> [WORK ORDER] Transcribe the entries below exactly from their first line through the line containing "Ottilie Dining Table - Image 3", and let no picture into the copy.

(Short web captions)
= = = = =
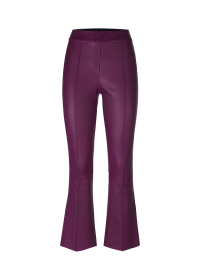 Riani BODY-FIT HOSE Sonderangebot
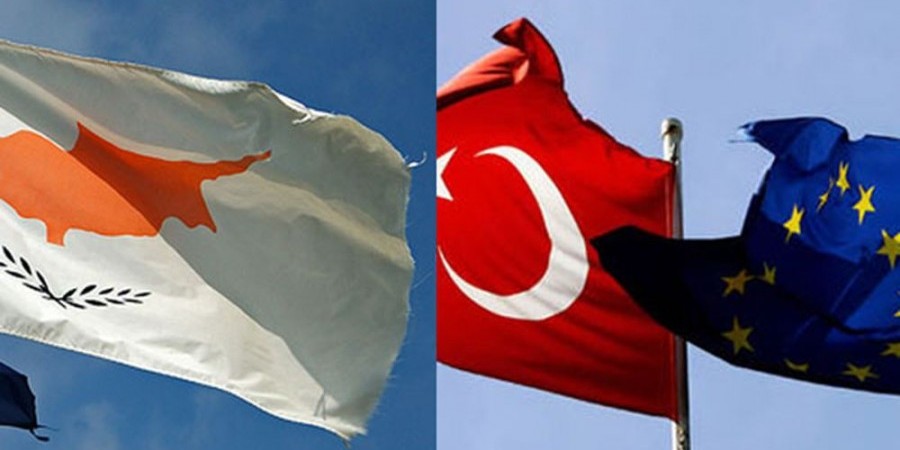 Κύπρος: Πυκνή… ομίχλη για τα «στοχευμένα» μέτρα  της ΕΕ κατά της Τουρκίας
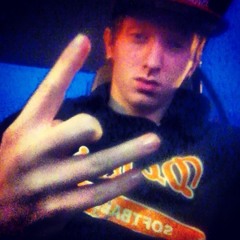 loud freestyle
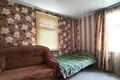 Дом 72 м² Горанский сельский Совет, Беларусь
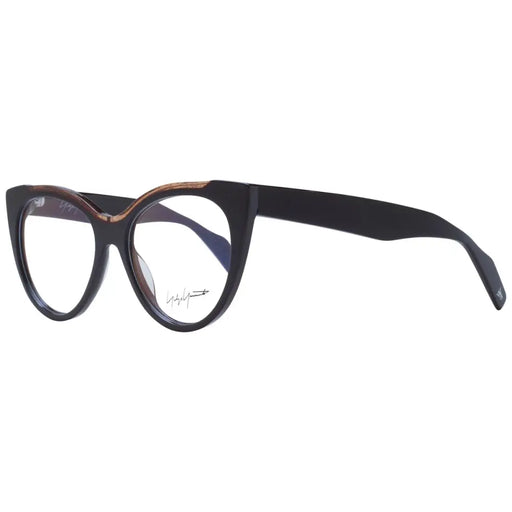 Дамски Рамка за очила Yohji Yamamoto YY1034 54115 BLUE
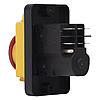    Takel ESSB-172YC 7pin   ...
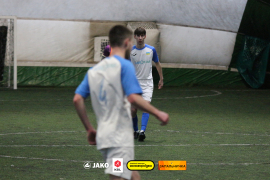 <a href="https://st.getinfootball.com/albums/1100671/69c421d793cfd_1920.jpg" target="_blank">Завантажити оригінал</a>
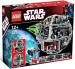 Lego Star Wars Death Star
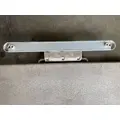 VOLVO VNL Sun Visor (External) thumbnail 3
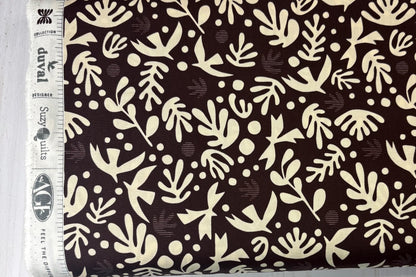 AGF | AGF Boho Birds | AGF Duval | Fat Quarter Set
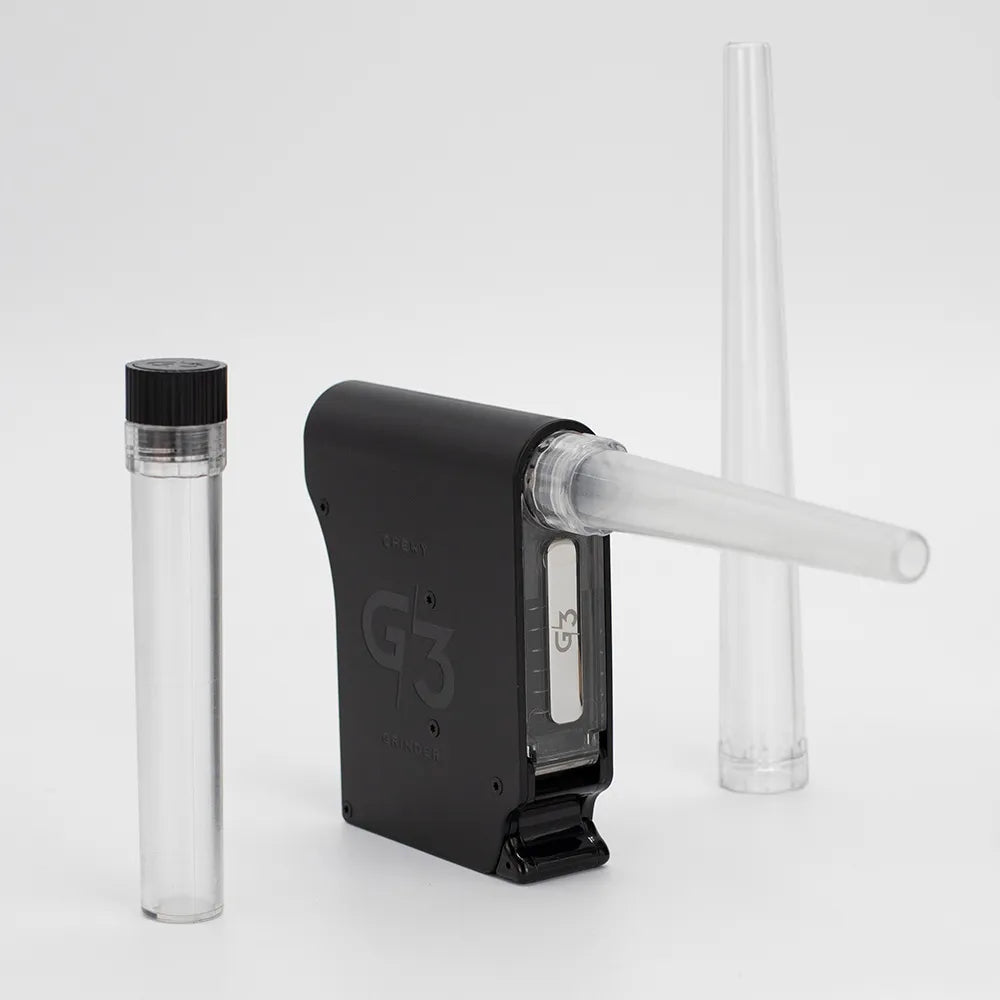 chewy g3 portable electric grinder deluxe edition chewy g3 portable electric grinder deluxe edition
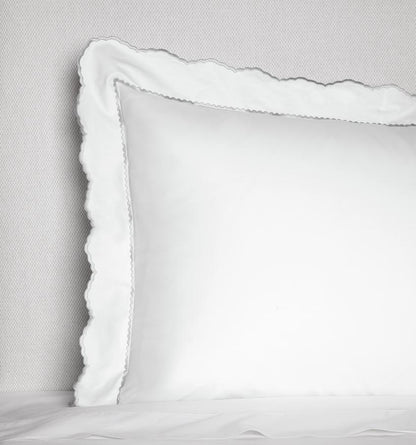 SFERRA Pettine Sham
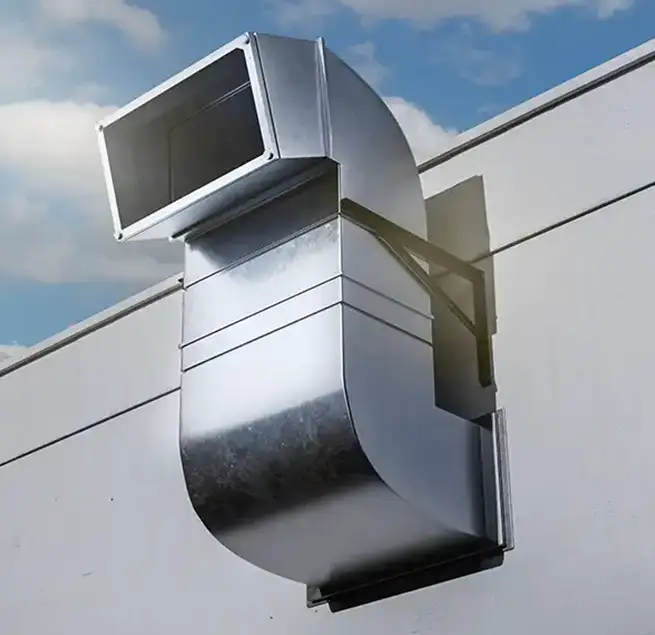 Why Homeowners & Businesses Trust Us Indio, CA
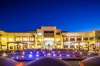  EL KARMA AQUA BEACH RESORT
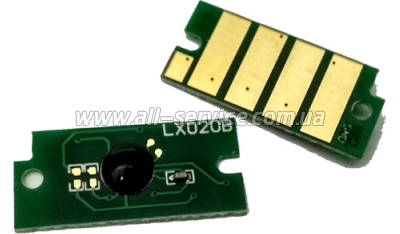 Чип H&B Xerox VersaLink C400/ C405/ 106R03533 yellow (476309) Чип H&B Xerox VersaLink C400/ C405/ 106R03533 yellow (476309)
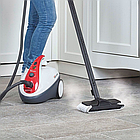 Пароочисник Polti PTEU0268, фото 3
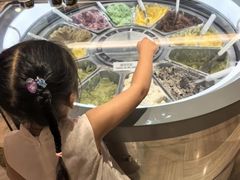 -上海兴国宾馆香樟园西餐厅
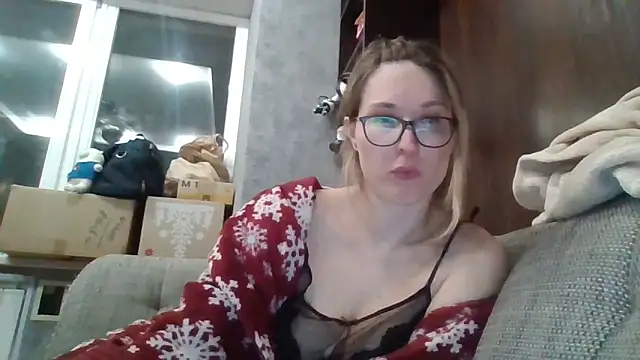 Jugira online show from 04/11/26, 09:29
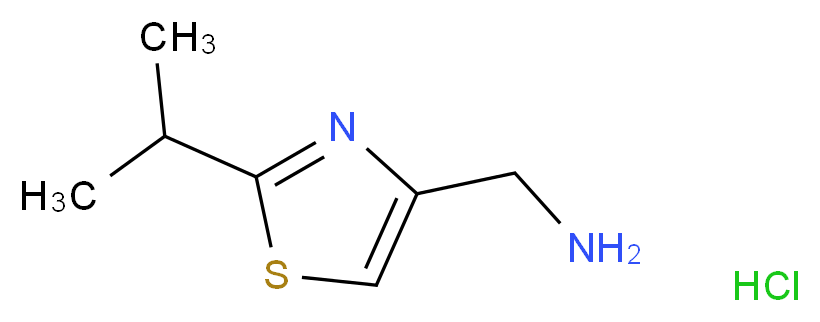 CAS_1262771-25-4 molecular structure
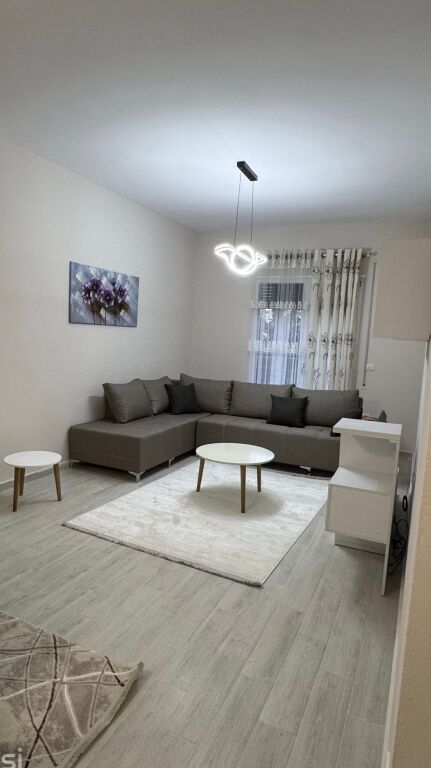 Super apartament me qera 1+1+parkim Astir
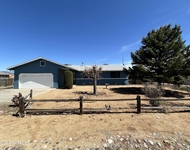 Unit for rent at 4035 N Kearny Drive, Prescott Valley, AZ, 86314
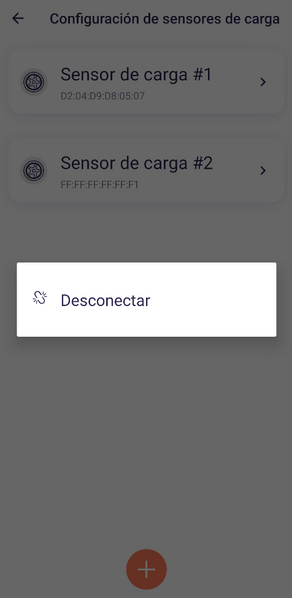 Archivo:Eliminar eje de dirección 2.png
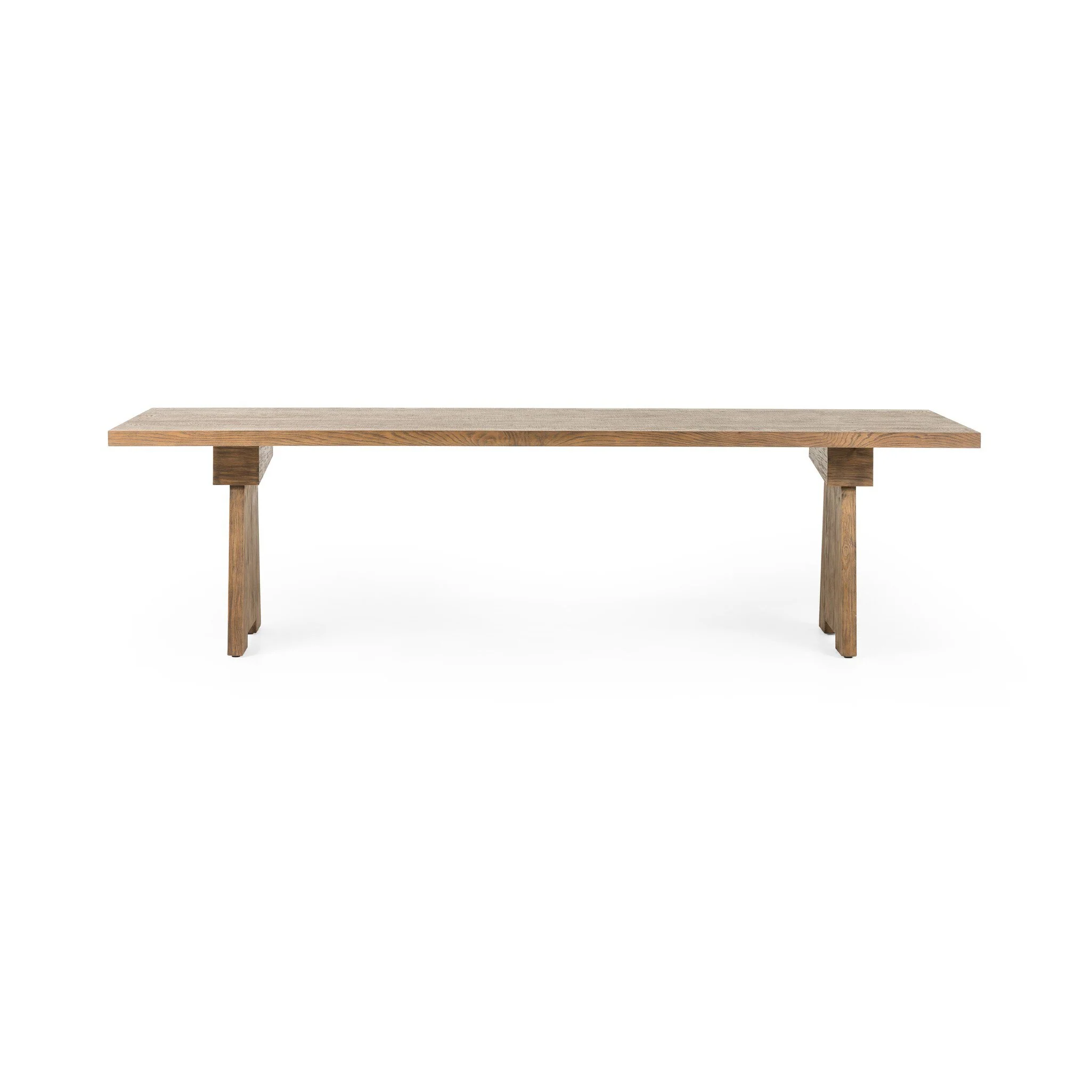 Ottilie Dining Table - Image 3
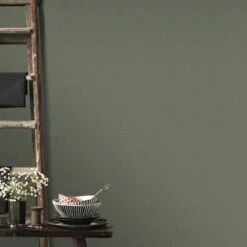 Superfresco Easy Vliesbehang Glenn Donkergroen 106982 8 Superfresco Easy Vliesbehang Glenn Donkergroen 106982 -Behang Verkoop 123 1189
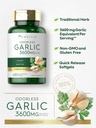carlyle-odorless-garlic-softgels-3600-mg-4.jpg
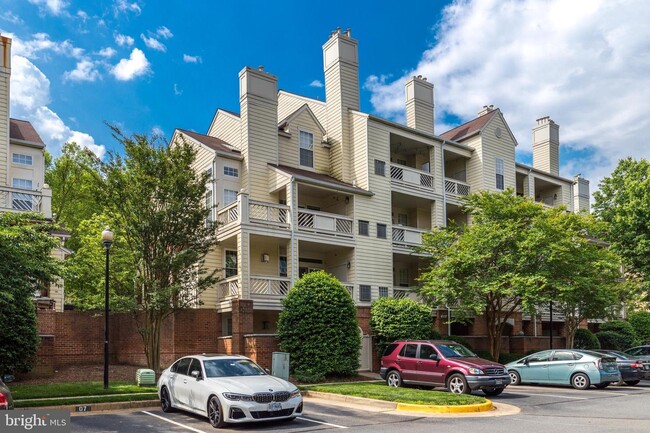 Foto del edificio - 11307 Sundial Ct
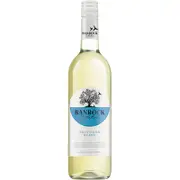 [Banrock Station] Banrock Station Sauvignon Blanc 750mL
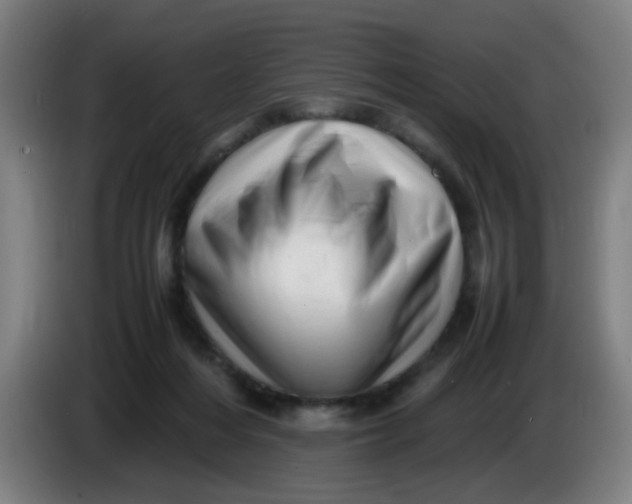 X0000085210216200703301649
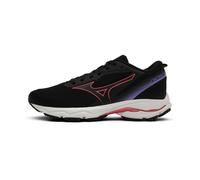 Mizuno Wave Prodigy 6 Femme 39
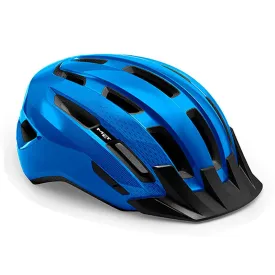 met-downtown-mtb-helmet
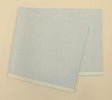General Purpose Drape Tidi® Ultimate Patient Drape 40 W X 90 L Inch NonSterile - BeHope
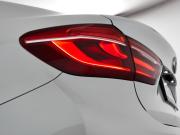 BMW X6 II (F16) Москва  - изображение 38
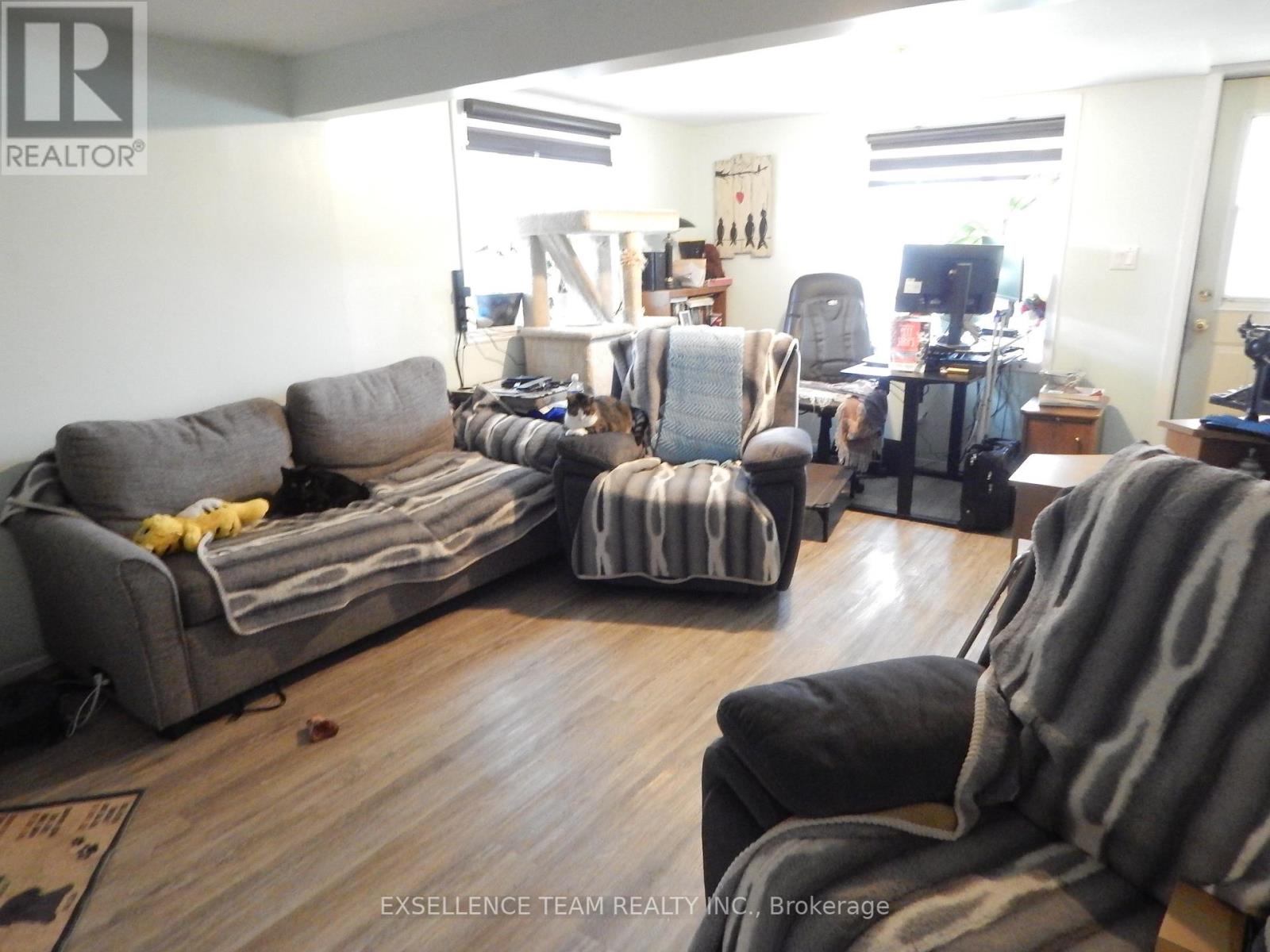 107-109 Cumberland Street E, Cornwall, Ontario  K6J 4H4 - Photo 7 - X12265077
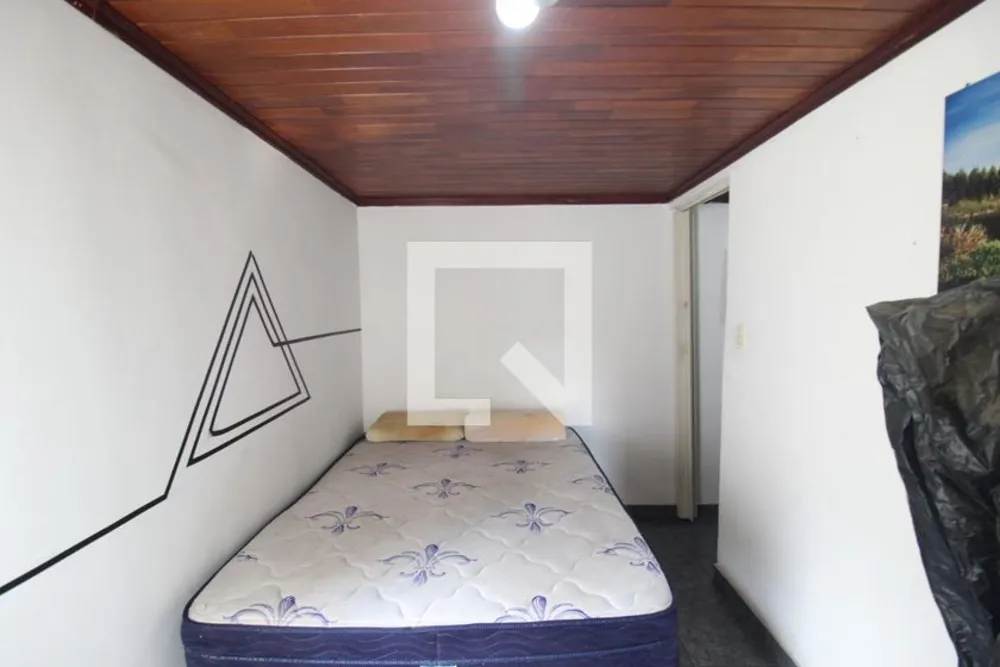Casa, 5 quartos, 130 m² - Foto 5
= = = = =
> [RESPONSE BOX]
 Riani BODY-FIT HOSE Sonderangebot
 Κύπρος: Πυκνή… ομίχλη για τα «στοχευμένα» μέτρα  της ΕΕ κατά της Τουρκίας
 loud freestyle
 Дом 72 м² Горанский сельский Совет, Беларусь
 Дамски Рамка за очила Yohji Yamamoto YY1034 54115 BLUE
    Takel ESSB-172YC 7pin   ...
 <a href="https://st.getinfootball.com/albums/1100671/69c421d793cfd_1920.jpg" target="_blank">Завантажити оригінал</a>
 Lego Star Wars Death Star
 VOLVO VNL Sun Visor (External) thumbnail 3
 AGF | AGF Boho Birds | AGF Duval | Fat Quarter Set
 chewy g3 portable electric grinder deluxe edition chewy g3 portable electric grinder deluxe edition
 SFERRA Pettine Sham
 Why Homeowners & Businesses Trust Us Indio, CA
  EL KARMA AQUA BEACH RESORT
 Чип H&B Xerox VersaLink C400/ C405/ 106R03533 yellow (476309) Чип H&B Xerox VersaLink C400/ C405/ 106R03533 yellow (476309)
 Пароочисник Polti PTEU0268, фото 3
 -上海兴国宾馆香樟园西餐厅
 Jugira online show from 04/11/26, 09:29
 CAS_1262771-25-4 molecular structure
 Super apartament me qera 1+1+parkim Astir
 Unit for rent at 4035 N Kearny Drive, Prescott Valley, AZ, 86314
 Archivo:Eliminar eje de dirección 2.png
 Ottilie Dining Table - Image 3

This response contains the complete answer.